The task —
From the line that contains "Veste / doudoune" to the end of the entries, copy each line exactly, though the pictures stay out.

Data for processing —
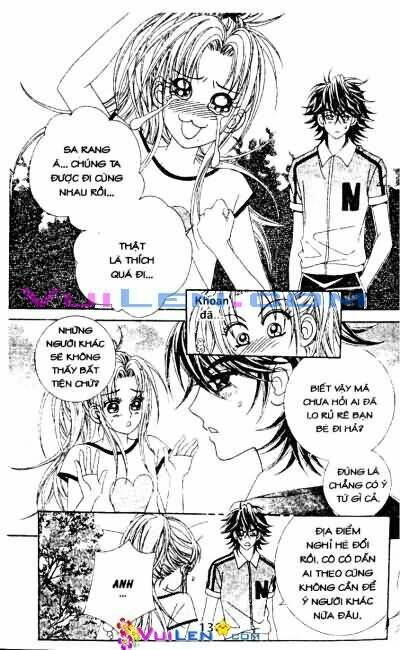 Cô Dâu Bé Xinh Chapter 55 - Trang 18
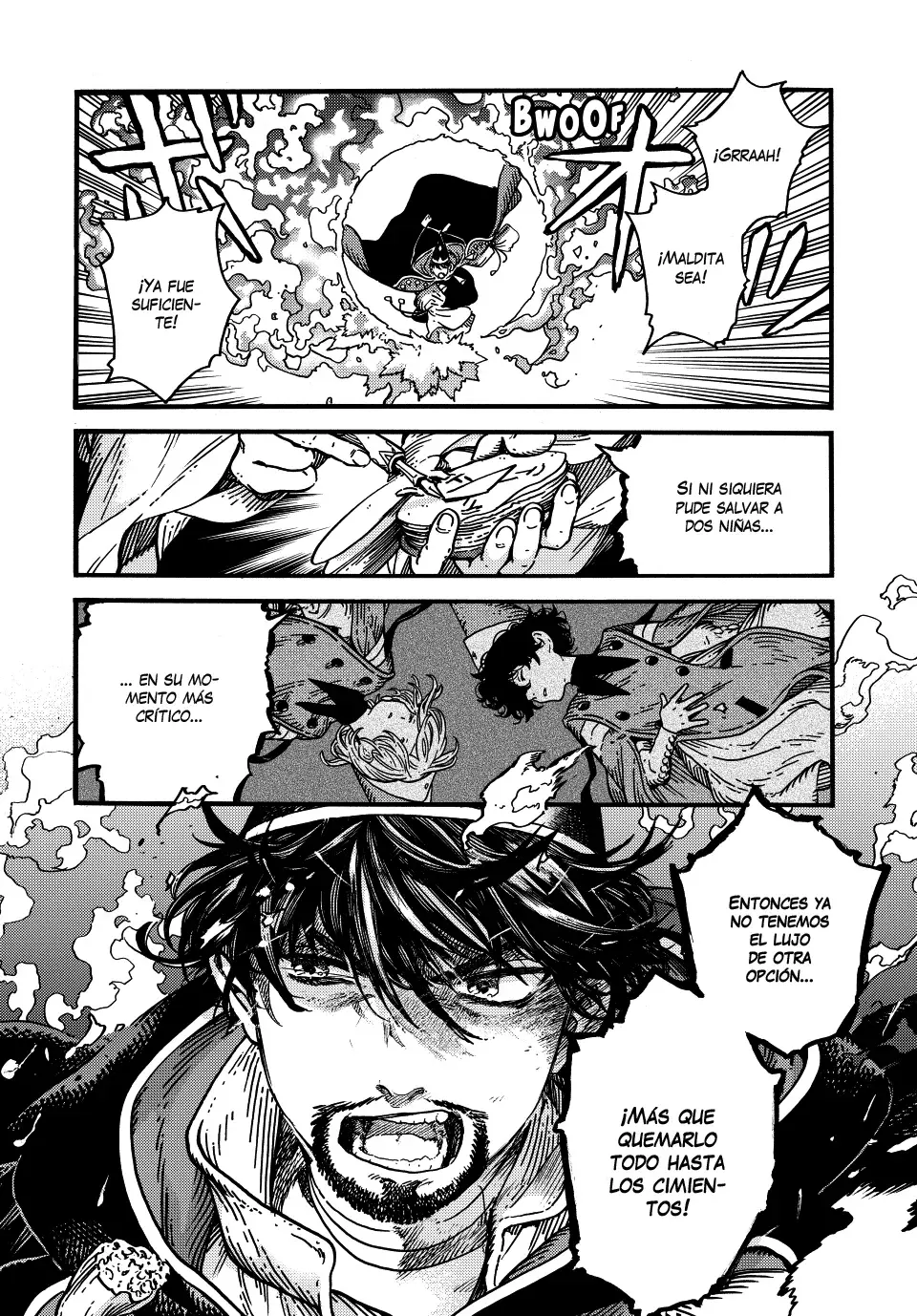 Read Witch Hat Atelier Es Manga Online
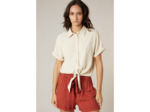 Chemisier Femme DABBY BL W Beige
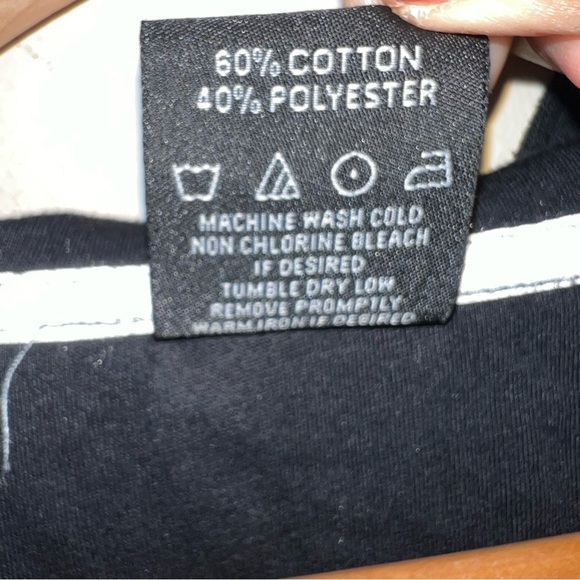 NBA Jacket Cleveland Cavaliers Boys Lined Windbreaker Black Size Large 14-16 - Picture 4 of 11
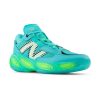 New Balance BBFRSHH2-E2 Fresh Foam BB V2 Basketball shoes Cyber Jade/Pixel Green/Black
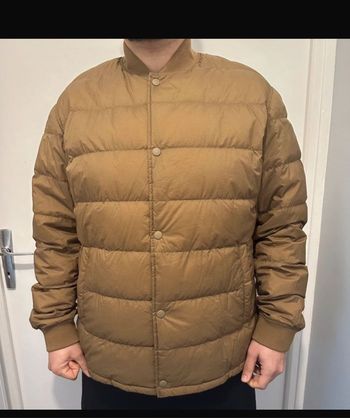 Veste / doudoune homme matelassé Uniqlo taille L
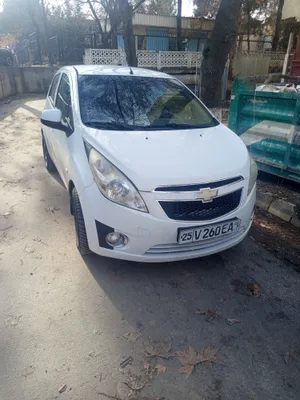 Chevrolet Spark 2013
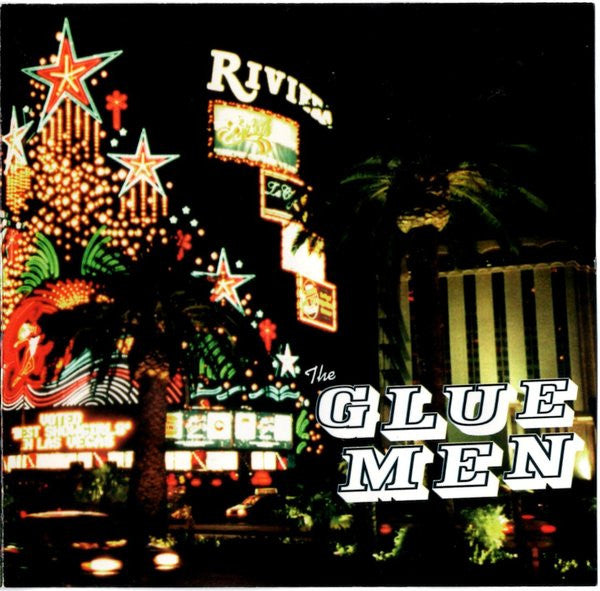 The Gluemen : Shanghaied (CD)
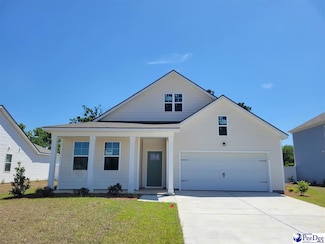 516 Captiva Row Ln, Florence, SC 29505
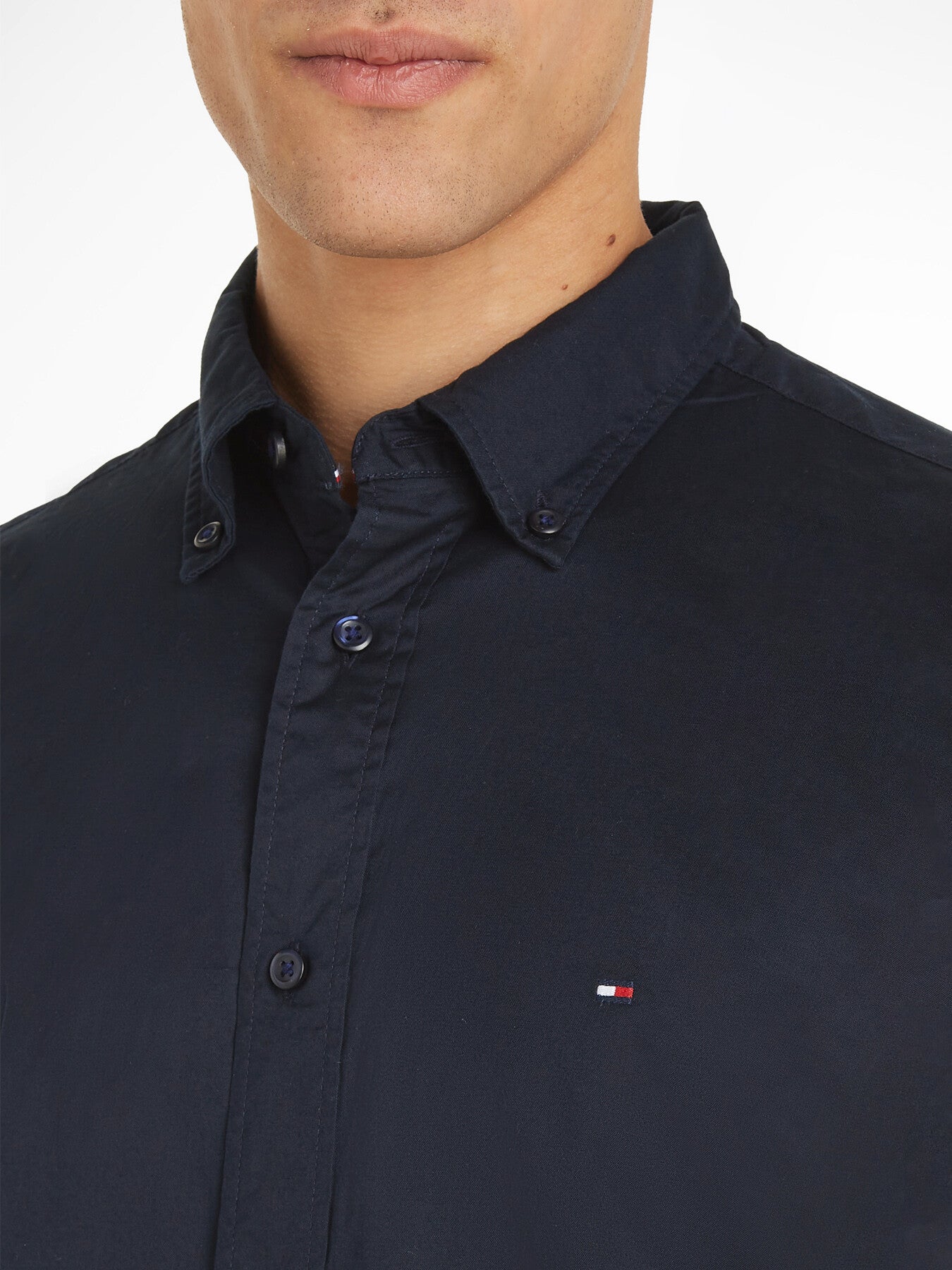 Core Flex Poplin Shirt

Solution to the problem —
 Veste / doudoune homme matelassé Uniqlo taille L
 Chevrolet Spark 2013
 The Gluemen : Shanghaied (CD)
 516 Captiva Row Ln, Florence, SC 29505
 Core Flex Poplin Shirt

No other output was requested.